Early Oligocene (Mahuva) pays hold significant potential for hydrocarbons in the southern part of the Tapti-Daman sector. Paleo-structural highs characterized by complex interplay of fluviodeltaic sandstone and shale deposits, influenced by marine conditions, have emerged as a proven hydrocarbon play for Early Oligocene sands in study area. The Mahuva Formation is subdivided into Upper and Lower Mahuva. The Lower Mahuva is predominantly shaly, while the Upper Mahuva contains hydrocarbon-bearing sandstone The study area is predominantly characterized by gas bearing sandstone reservoirs.
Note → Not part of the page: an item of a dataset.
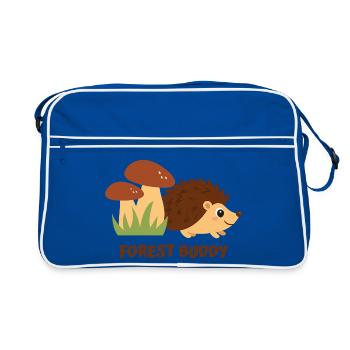 Hérisson ami de la forêt - Sac Retro - bleu/blanc - Devant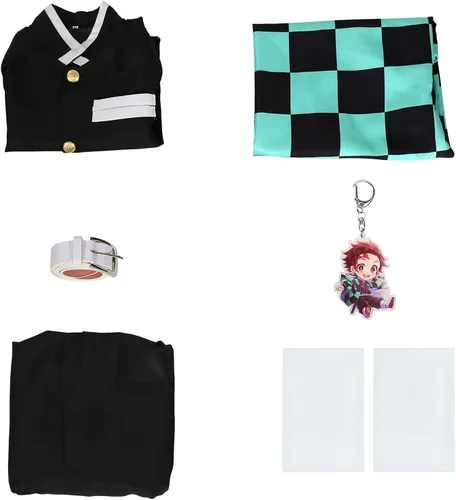 Vista 2 de Conjunto de disfraz de cosplay de anime, traje de Demon Slayer uniforme completo para niños y niñas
During the Early Oligocene, a relative sea-level rise resulted in the deposition of thin limestone streaks at the base, succeeded by an intensified terrigenous influx that led to the development of thick sandstone reservoir facies in the upper section. These reservoirs are primarily composed of channel sands. To effectively delineate these channel sands, a multi seismic attribute approach was employed using unsupervised Machine Learning. Key seismic attributes utilized include cosine phase, instantaneous phase, Hilbert transform, relative acoustic impedance, RMS amplitude, signal envelope, sweetness and thin bed indicators. The characterization was conducted through Machine Learning using a self-growing neural network based on Growing Neural Gas (GNG) clustering algorithm (Fritzke, 1995) with optimized parameters (50 neurons, 15 iterations, and 5 output classes). The resulting seismic facies volume identified five distinct classes, with Class 5 reliably correlating with gas-bearing sands as validated by well data. An interval attribute map of Class 5 was generated between the Mahuva top and Mahuva top +120 ms, successfully delineating the geometry and spatial distribution of gas-bearing clastic reservoirs across the study area.